Many of you may understand what it was like to grow up in the 60’s and 70's. I believe it was the best time to be a kid. It was a time when everyone was not overly stimulated with multiple devices and a cell phone. It was a time when fast, cool cars like the the Plymouth Road Runner Super Bird, the GTO and the Datsun 260z were common, attainable, customizable and ready to race with no concern about resale value.
To me, this stretch of time from 1965 to the late 70s defined the advent of true invention. We are the generation fun innovators. We created Bicycle Motocross aka BMX. We elevated the skateboard from roller-skates to what they are today. We spearheaded the personal computer and video gaming. These are just a few examples of what my generation created. I am very proud of that.
On the flip side, I am very aware that we also fucked a lot of things up. There was rampant fraud and banking crime. There were drugs by the ton being imported from Colombia supported by greedy Wall Street guys in high dollar suits. Still, we were ok with everything, our own world was fine due to our lack of technology of getting up to the second news.
But let’s get back to the golden age of discovery, the 60’s and 70’s, a time when using your imagination was a viable form of entertainment. I remember there was not a single person in my generation that didn’t want a Jet-Pac! Every kid fantasized about strapping it to their backs and flying over to their best friends house. Jet-Pacs exemplified the future.
I was one of those kids always looking towards the future, and I had a direct connection. My father owned a plastic injection molding company that made everything from packaging to bathtubs, but the real gift was that he also made many of the plastic nosecones, fins and misc parts for the hobbyist company named Estes Rockets. For those of you that may not know about Estes Rockets, they are solely responsible for helping space travel dreams come true for many kids back in the day, as well as today. They manufacture model rockets that you have to build and paint, and that you can actually launch into space, or so we thought. Trust me, these rockets are no joke. They have the capability to reach magnificent heights; you could send live payloads, mice, frogs, crickets, into space (which I assume PETA may not endorse nowadays) and of course, they'd have a very high risk factor for injury and exploding…which was perfect! It was exactly what we wanted (remember, this was all before bike helmets and helicopter parents, thank you god!) This is what the future looked like and Estes Rockets and model rocket building brought me closer to that Science Fiction reality of NASA. I loved building models, I loved the Idea of space, I loved anything Space related. And I still do!

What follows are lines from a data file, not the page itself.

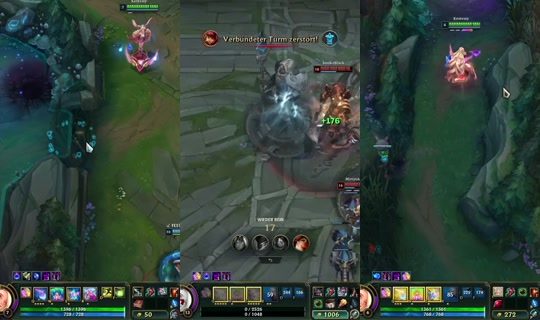 kentessy's Stream - Aug 21, 2026, 9:44 AM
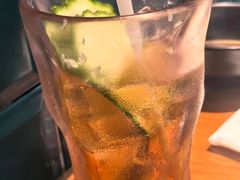 -太子浓心·港式猛火小锅米线(探十里店)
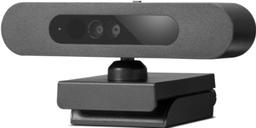 Lenovo 500 FHD Webcam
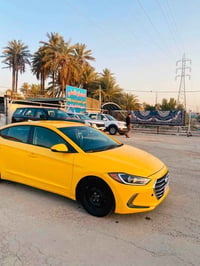 النترا • ٢٠١٨ • تحويل مباشر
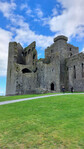 2_RockofCashel_160.jpg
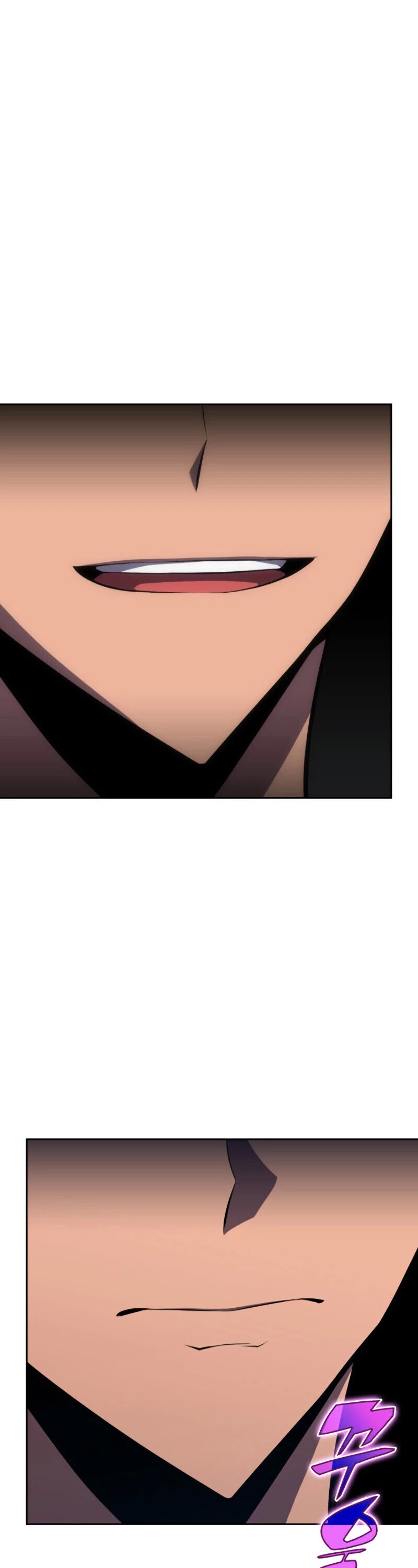 The Challenger Chapter 5 page 51 - Chapter 5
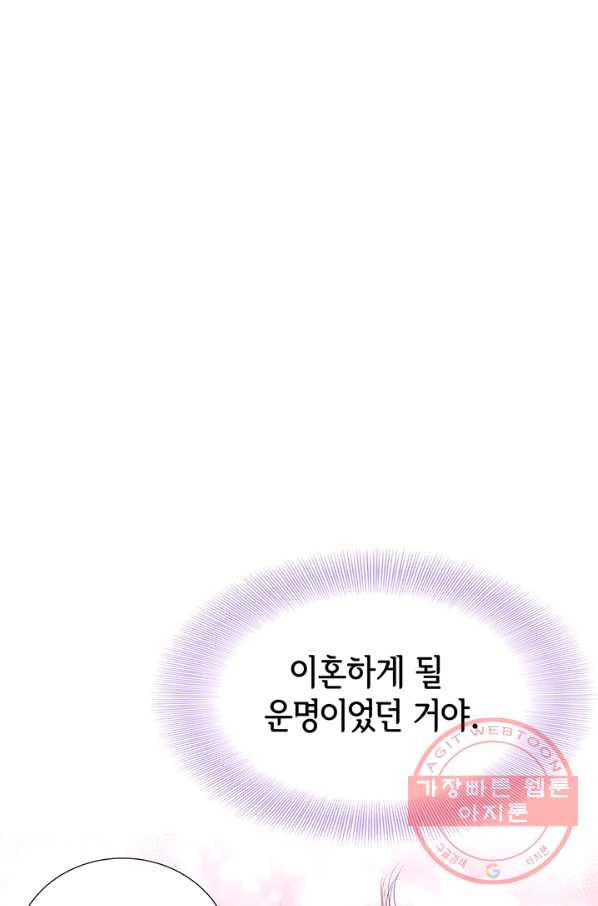 1631500025316d8nsloo45hk.jpeg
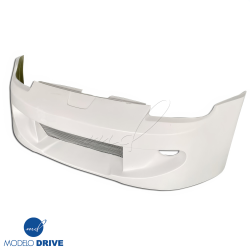 ModeloDrive FRP APBR Wide Body Front Bumper > Toyota MRS MR2 Spyder 2000-2005 image - 3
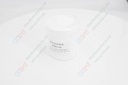 Ultra High Temperature Grease
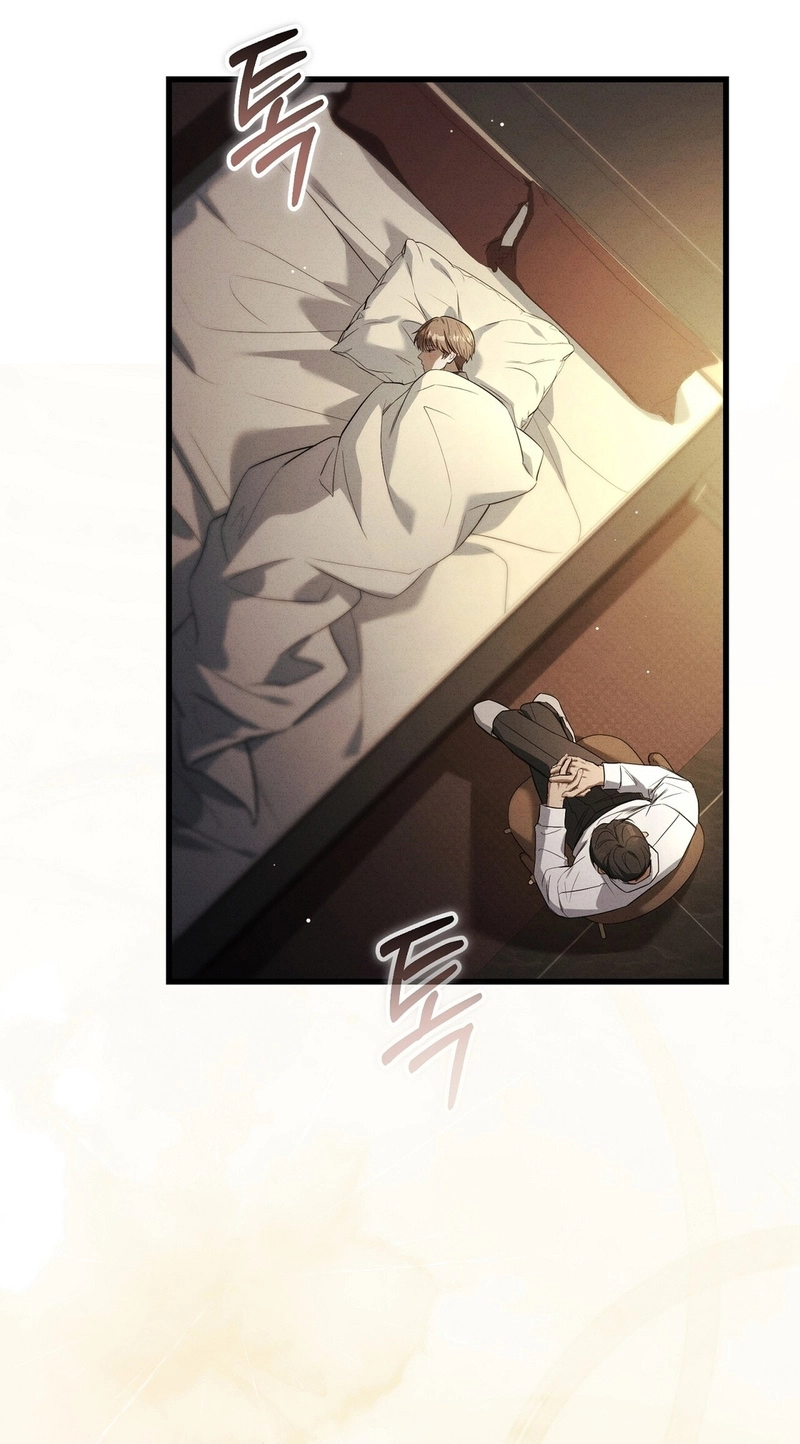 Salt Heart - Chapter 40 Page 27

What I remember most fondly about the depiction of the future was the TV shows, the cool laser guns, Barbara Eden and Major Nelson.
When that Space program started to get mainstream and whet the public interest, one memory that stands out about NASA was back when my family was watching our B&W TV and watched the Apollo launch. It was late in the evening after my bedtime and the television coverage was spotty, the rocket shot into the sky with force and grace, with a trail of flames and smoke heading towards the moon, we watched it in awe. After the successful launch we ran outside to look for it in the night sky, We thought anything that may have looked like it was moving, we swore was the rocket. Truthfully, we didn't care if it was the Apollo or not, we wanted to believe it was. I feel that many of us from that generation believed we were living and breathing the future, a new dawn. I have witnessed many launches and I still remember that Space Shuttle Challenger tragedy, I watched the live broadcast, shocked and saddened by the magnitude of that event.
This brings me to today; what has always kept me hooked on NASA is the old NASA, the classic NASA, the archaic NASA. It’s the Space Program with boxy computers, chain smoking engineers, those black, thin ties, white short sleeved shirts and massive headsets. Simply awesome. Let’s not forget the iconography of every rocket and shuttle, astronaut's patches, the equipment and gear, it is fantastic. My artistic style and eye is overwhelmingly attracted to it. Let’s say addicted to it.
I had the opportunity go to the Kennedy Space Center (finally) and experience everything first-hand. But by first-hand I mean the deep history, solid old school, the roots of it all tour. I didn't want to see the “been there done that" NASA, but the turbulent, relentless time of trials and tribulations, successes and "not so successful" times.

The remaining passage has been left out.